Task brief »
Check each line of the entries below for the word "plate", and copy the lines that have it.

[Records from a collection]
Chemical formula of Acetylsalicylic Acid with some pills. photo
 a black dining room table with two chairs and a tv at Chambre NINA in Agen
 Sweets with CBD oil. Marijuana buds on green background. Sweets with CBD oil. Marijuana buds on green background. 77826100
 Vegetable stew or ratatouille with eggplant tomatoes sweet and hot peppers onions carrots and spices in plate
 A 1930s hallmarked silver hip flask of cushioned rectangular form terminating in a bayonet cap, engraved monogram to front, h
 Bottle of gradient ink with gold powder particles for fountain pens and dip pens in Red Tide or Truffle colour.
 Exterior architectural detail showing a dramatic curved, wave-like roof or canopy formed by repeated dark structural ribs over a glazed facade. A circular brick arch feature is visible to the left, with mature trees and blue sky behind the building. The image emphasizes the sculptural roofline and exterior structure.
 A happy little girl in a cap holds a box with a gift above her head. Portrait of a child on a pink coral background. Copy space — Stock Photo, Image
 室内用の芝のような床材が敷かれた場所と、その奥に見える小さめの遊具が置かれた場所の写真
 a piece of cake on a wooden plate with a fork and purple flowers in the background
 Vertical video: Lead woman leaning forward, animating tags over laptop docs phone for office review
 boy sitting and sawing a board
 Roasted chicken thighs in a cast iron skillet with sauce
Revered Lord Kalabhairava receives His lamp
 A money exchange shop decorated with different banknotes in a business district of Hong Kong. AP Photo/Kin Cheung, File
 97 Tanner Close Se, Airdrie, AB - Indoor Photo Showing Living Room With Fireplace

Final answer »
 Vegetable stew or ratatouille with eggplant tomatoes sweet and hot peppers onions carrots and spices in plate
 a piece of cake on a wooden plate with a fork and purple flowers in the background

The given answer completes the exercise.